То, как я чувствую Мандельштама, исключает подобный ход мысли. Я не сомневаюсь в его искренности. Здесь нет двуличия -- есть многослойность мировосприятия. Таким вот был один из его экзистенциальных пластов («Как на лемех приятен жирный пласт!»). Но обретение почвы то и дело оказывалось обманчивым. А в конечном счете, почву просто выбивали из-под ног. Вероятно, это было неизбежно - и не только из-за нищенского быта и постоянного надзора НКВД.
Суть дела также в европейскости, а лучше сказать -- всемирности Мандельштама. Как носитель культуры он не укладывался в пейзаж Черноземья, сколь бы радостным ни оказалось для поэта его обретение. Хотелось моря - тоска по нему звучит в нескольких стихотворениях цикла. Душа «как жалости и милости», просила Италии, Франции.
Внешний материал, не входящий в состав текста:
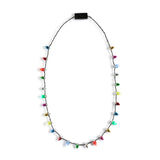 Demdaco Lit Holiday Necklace with LED light pendant on festive cord—glows during holiday gatherings. Available at Be Charmed.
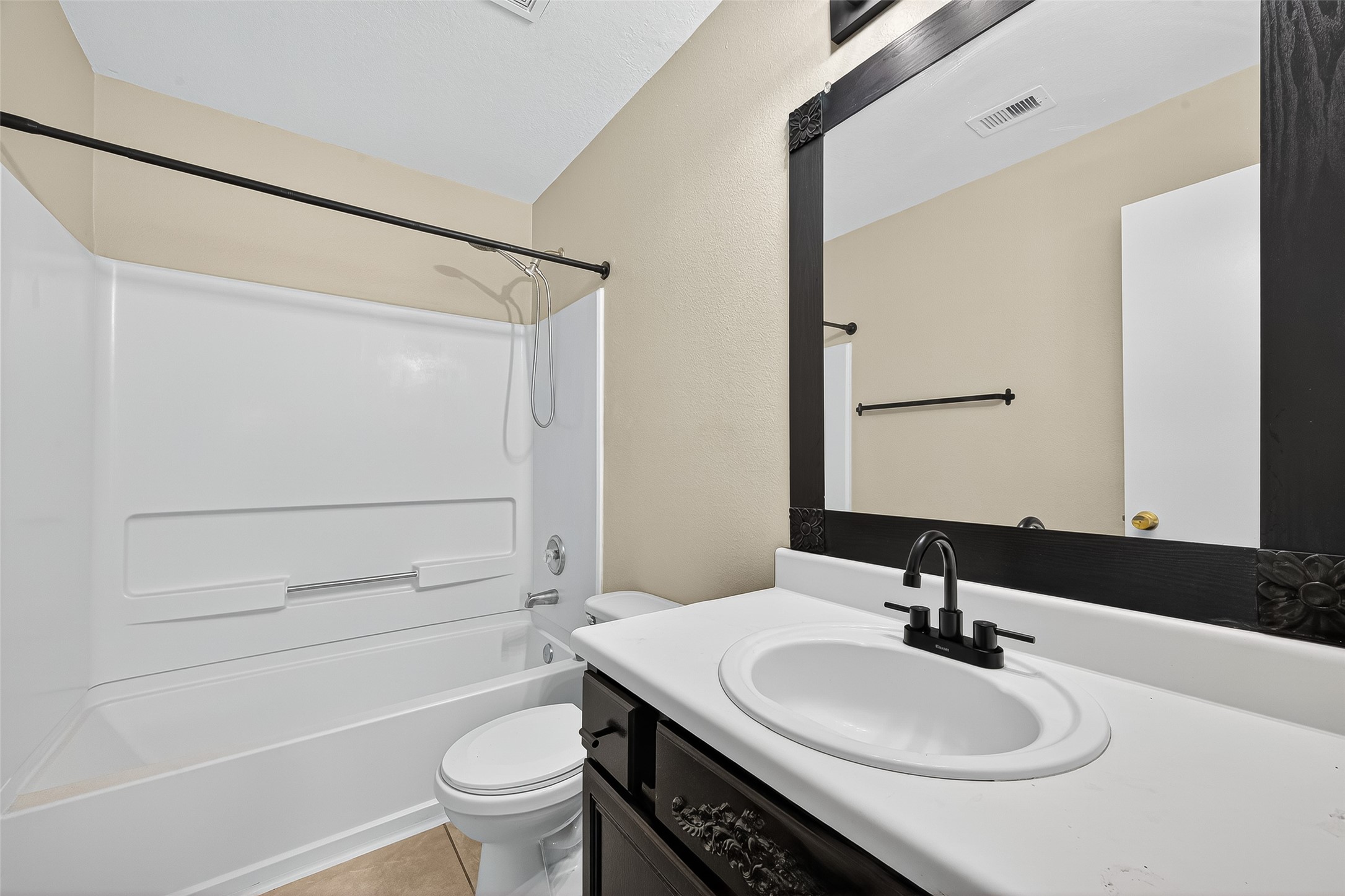 6343 Settlers Square Lane Katy, TX 77449 - Photo 38 of 41 a bathroom with a granite countertop sink toilet a mirror and shower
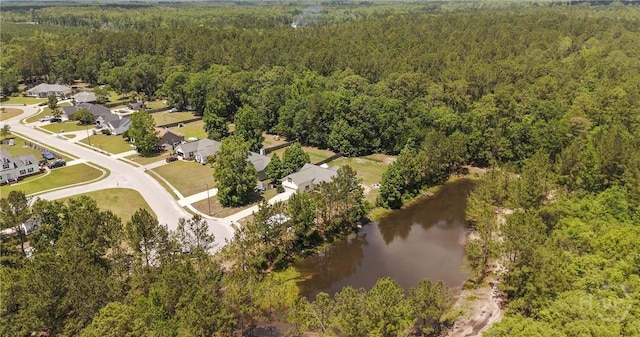 aerial view of property's location featuring a heavily wooded area and a nearby body of water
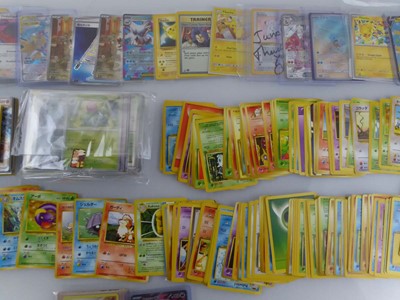 Lot Qty of Sleeved and top loaded Pokémon cards...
Море и европейские холмы притягивали поэта не только сами по себе, они выступали для него как символы свободы -- свободы космической, выходящей за какие бы то ни было границы. Свободы, без которой художник лишается драгоценного сознания своей «правоты». И Мандельштам то и дело проваливался в другой слой своего бытия -- в отчаянье. За строками некоторых стихов буквально слышится вой.
Самое же удивительное -- то, что он сумел вырвать эту неземную свободу в обстоятельствах, в которых, казалось бы, и помыслить о ней невозможно. Такие шедевры как «За Паганини длиннопалым», «Улыбнись, ягненок гневный», «Не сравнивай: живущий несравним» или «Вооруженный зреньем узких ос» (продолжите ряд), написаны в космосе и светят нам из космоса. Это то, что пребудет, пока жив язык, на котором сочинено.
«Большевея», такого не напишешь. Мандельштам воронежской ссылки -- он то в поле или в городе, в неотменимой реальности, где ему временами хотелось бы сродниться с людьми общего языка, то - оп! И нет его. Выскочил на околоземную орбиту.
И венчают только что выстроенный нами ряд «Стихи о неизвестном солдате» -- воистину особая планета в космосе филологии, к которой впору зонды посылать. Загадка необычайных образов этого произведения худо-бедно разгадке поддаётся; неразрешима другая загадка: как такое приходило в голову человеку, подобному нам, одному из нас? Да полно: одной ли он с нами «крови»? Окажись он инопланетянином из фантастических романов -- тогда другое дело: этому читать будущее всё равно, что нам -- прошлое; этот глядит и видит то, что нашему взору в принципе не доступно (запредельная для нас часть спектра).
Немедленно перечитайте, если плохо помните эти стихи! Не говорите «ничего не понял» -- думаете, кто-то другой всё понял? На этой фразе мне остаётся закончить мой набросок. С разинутым ртом.